The work was preceded by computer simulations (Figure 1) conducted to optimise the process parameters and initial blank shape for achieving a successful component. The component produced using HFQ was completely successful with no detectable fractures/localised necking, thermal distortion or spring-back as predicted by the simulation work. The differences between the component formed by HFQ (Figure 2a) and under the cold (Figure 2b) processes are clearly seen. It was found that traditional cold forming of both AA6082 and AA7075 high strength aluminium alloys failed to produce the required shape, with many fractures being found in various locations of the blank.
Components produced from both AA6082 and AA7075 are shown in Figure 3. As can be seen, the HFQ process shows that both of these difficult to press-form alloys, can be used for making volume production parts.
Furthermore, hardness measurements after the artificial ageing process of the material revealed the potential for HFQ to achieve a high post form strength. This enables the use of thinner and hence lighter sheet material, helping automotive producers achieve their efficiency and hence CO2 emission targets.
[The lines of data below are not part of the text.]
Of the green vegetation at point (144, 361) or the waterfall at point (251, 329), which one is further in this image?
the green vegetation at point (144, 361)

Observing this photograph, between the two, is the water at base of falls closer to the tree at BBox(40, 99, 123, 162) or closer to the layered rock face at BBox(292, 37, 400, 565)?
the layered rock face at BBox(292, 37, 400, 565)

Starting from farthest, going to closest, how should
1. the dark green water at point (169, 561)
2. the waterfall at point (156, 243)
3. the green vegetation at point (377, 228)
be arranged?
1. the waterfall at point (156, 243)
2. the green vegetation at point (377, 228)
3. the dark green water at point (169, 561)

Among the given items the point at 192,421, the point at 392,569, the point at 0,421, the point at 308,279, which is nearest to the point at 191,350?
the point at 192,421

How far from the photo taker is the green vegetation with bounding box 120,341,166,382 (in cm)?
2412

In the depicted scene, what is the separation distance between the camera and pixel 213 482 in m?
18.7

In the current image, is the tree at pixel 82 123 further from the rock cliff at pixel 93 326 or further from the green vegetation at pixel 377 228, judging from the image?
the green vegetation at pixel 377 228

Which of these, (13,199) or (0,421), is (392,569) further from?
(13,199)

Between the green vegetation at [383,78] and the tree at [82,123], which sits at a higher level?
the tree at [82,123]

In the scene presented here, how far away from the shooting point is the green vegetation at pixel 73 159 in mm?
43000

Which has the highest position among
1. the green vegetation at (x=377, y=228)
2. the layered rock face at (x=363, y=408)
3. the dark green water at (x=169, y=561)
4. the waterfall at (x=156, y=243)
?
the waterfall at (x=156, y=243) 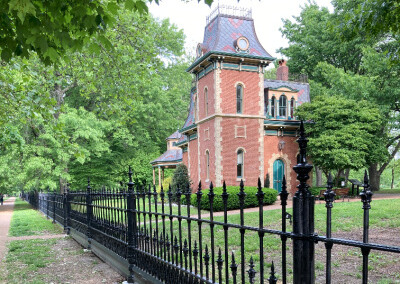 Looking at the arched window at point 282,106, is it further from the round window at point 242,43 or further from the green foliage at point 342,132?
the round window at point 242,43

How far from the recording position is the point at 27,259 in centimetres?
859

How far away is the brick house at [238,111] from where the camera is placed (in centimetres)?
2142

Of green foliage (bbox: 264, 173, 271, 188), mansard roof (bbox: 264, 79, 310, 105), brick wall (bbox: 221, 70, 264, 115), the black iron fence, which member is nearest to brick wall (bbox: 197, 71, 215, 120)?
brick wall (bbox: 221, 70, 264, 115)

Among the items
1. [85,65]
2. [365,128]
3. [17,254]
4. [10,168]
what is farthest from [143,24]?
[10,168]

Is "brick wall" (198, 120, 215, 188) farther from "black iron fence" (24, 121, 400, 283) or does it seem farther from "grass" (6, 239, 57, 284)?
"grass" (6, 239, 57, 284)

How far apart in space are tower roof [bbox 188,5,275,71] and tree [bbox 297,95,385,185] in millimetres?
4844

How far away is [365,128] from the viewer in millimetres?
22375

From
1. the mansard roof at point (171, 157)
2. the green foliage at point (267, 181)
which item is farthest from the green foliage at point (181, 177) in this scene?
the mansard roof at point (171, 157)

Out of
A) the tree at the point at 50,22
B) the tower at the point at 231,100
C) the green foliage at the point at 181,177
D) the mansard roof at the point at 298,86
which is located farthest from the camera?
the mansard roof at the point at 298,86

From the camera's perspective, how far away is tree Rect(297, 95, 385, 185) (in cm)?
2142

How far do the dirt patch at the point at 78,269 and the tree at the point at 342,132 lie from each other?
54.5ft

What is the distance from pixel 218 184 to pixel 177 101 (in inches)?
735

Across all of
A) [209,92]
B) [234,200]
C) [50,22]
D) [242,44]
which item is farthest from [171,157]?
[50,22]

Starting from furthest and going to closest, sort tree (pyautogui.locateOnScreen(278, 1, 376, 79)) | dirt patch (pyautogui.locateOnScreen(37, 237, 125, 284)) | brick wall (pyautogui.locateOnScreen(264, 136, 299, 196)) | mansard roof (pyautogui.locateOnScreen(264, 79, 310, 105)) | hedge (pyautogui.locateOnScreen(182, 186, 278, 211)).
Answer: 1. tree (pyautogui.locateOnScreen(278, 1, 376, 79))
2. mansard roof (pyautogui.locateOnScreen(264, 79, 310, 105))
3. brick wall (pyautogui.locateOnScreen(264, 136, 299, 196))
4. hedge (pyautogui.locateOnScreen(182, 186, 278, 211))
5. dirt patch (pyautogui.locateOnScreen(37, 237, 125, 284))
The wide range of bend radii, draw depths and varying geometries formed from a single sheet of either AA6082 or AA7075 alloy in these trials prove HFQ to be a promising technology for all industries interested in forming high strength, complex, lightweight components from sheet metal alloys.
Figure 1: PAMSTAMP simulation of blank thickness distribution.
Figure 2: Forming of complex shaped component under (a) HFQ and (b) cold forming conditions.
Figure 3: Formed components from both: (a) AA6082 and (b) AA7075.